When my eldest had just turned 14, I used my privilege.
Our family did most of its shopping in the local supermarket - at that stage, I hadn’t hardened in my loathing of the Big Two but I shopped slightly more expensively because it actually took less time.
So, pinging through the checkout with my vast shop, I said to Michael: ''Hey Michael, I notice you employ school-age children in part-time jobs. When my daughter is old enough, would you mind thinking of her as a possible employee?''
That question happened at the exact time I zinged up a couple of hundred bucks. Michael said he’d be happy to consider her. Lo and behold, she got a part-time job which she kept up until she hit year 12. She passed her job on to her little sister who passed her job on to her little brother.
These days, my kids get their own jobs, although if I can give them a hand I will. I would certainly make a phone call on their behalf (although they usually tell me that any call I make would hinder, rather than help).
There is not a parent on this earth who wouldn’t help their kids to make the most of opportunities. Help to get a scholarship? Yes, no worries. Help to get the best possible job they can get? Sure.
News this week about the incredible success of Louise and Frances Abbott has met with fury. Frances was awarded a chairman’s scholarship at the Whitehouse Institute of Design. Louise has a job at the Australian embassy, headed by former Coalition staffer Peter Woolcott, in Geneva, just two years out of university. I’m sure Frances and Louise are terrific women but Louise only finished her degree a couple of years ago and I don’t think anyone else in her cohort appears to have an international posting yet.
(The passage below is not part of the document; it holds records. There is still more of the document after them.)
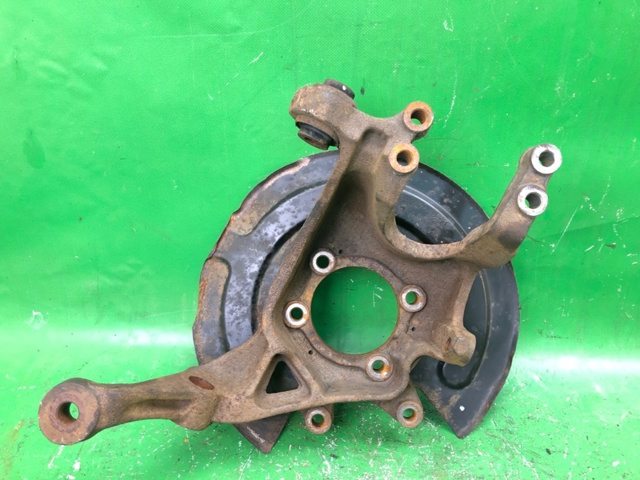 Цапфа поворотна права BT4Z5B758A FORD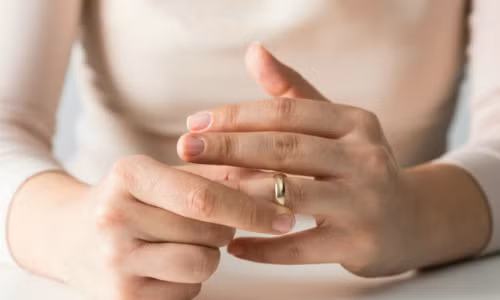 Không ít cô gái Hong Kong bị lừa kết hôn với người Trung Quốc.Ảnh minh họa:Scary Mommy.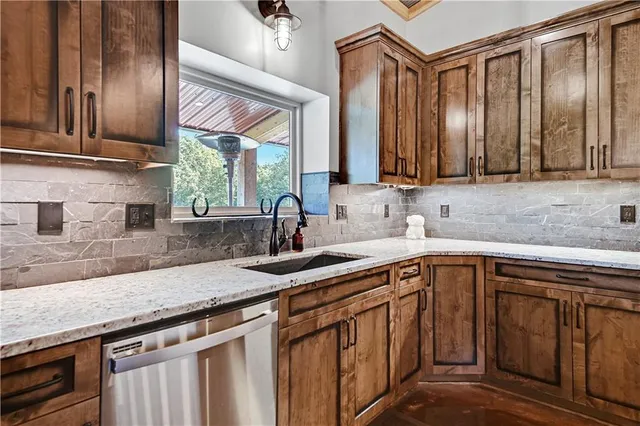 $1,450,000 | 14001 Prospect Avenue, Grandview, MO 64030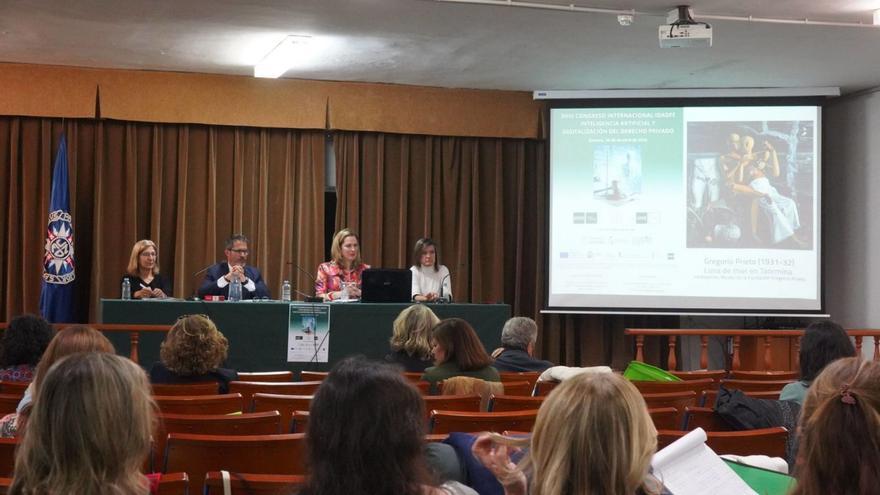 Los ponentes departen con los congresistas en el Congreso sobre IA de la UNED de Zamora.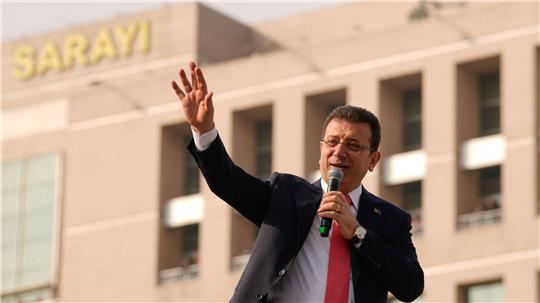 Seit der Verhaftung des CHP-Politikers Imamoglu gibt es immer wieder Razzien gegen Anhänger der größten Oppositionspartei in der Türkei. (Archivbild)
So, what’s the problem? People seem to think that the Prime Minister helped his daughters get that privileged access.
And my answer is: ''Don’t be so ridiculous.'' He didn’t need to help.
The Abbott daughters have what French sociologist Pierre Bourdieu called social capital. These days, we are more likely to call it privilege – but it's the social connectedness of the upper classes and the power elites that make scholarships and postings miraculously appear.
Why are we angry? As executive dean of the faculty of Business and Enterprise at Swinburne University of Technology Michael Gilding told me: ''Our social ideal is about being self-made, about earning through your own efforts and your own merit.''
He’s dead right. That’s one of the reasons we got so mad about Frances and Louise and I have absolutely no doubt that someone, somewhere, is going through Bridget Abbott’s school and employment record right now.
Think that's tough on the daughters? I hate the way they’ve been exposed and I can’t imagine how Mrs Abbott feels about it. But in Australia, this is the price you pay for flaunting your privilege in the face of a generation of aspiring public servants, in the face of the young men and women who could never afford to go to an elite private fashion college. Yes, of course the Abbott daughters are adults and must make their own decisions but they - and those around them - need to be mindful of the enormous gifts their father's status gives them. Politicians should be as transparent as glass and less fragile.
How shocking that Mr Abbott’s minders did not blink at what can only seem like the perks of public life - but that’s probably because in the circles in which they move, privilege is what they live and breathe. It doesn’t worry them because it’s part of their everyday experience. A good job. A good school. There is no need for winks and nods because this smooth traverse is what happens for the elites.
Inherited privilege is endemic in Australia. We have a higher proportion of private schools than other developed counties - and parents see that as a way to leverage privilege and power, to replicate their own lives and improve their children’s position. We say we want self-made but we send our children to private schools to optimise their opportunities in life.*
''We have a lot of double thinking around this,'' says Gilding. ''There’s a fair degree of social hypocrisy around privilege.''
It will of course get worse for young people whose families don’t have the connections. Education was one of the silver bullets for Australians - and it had the capacity to make change in families in a way which transformed lives. That will be gone now. How nauseating were those managers from the sandstone universities who agreed to swig at the trough of the wealthy? Now a few are clapping their hands to their foreheads and imagining what it will be like to have debts worth hundreds of thousands of dollars: ''What about the disadvantaged?''
That sympathy, that feigned concern? Too late. Too little, too late.
As Gilding says, the changes to fees will restrict social mobility. All the more spots for the wealthy and connected. They won’t even have to make a call. Employing the children of the rich and powerful is a capital idea.
* Yes, yes. One of my own children went to a private school. I’m still recovering.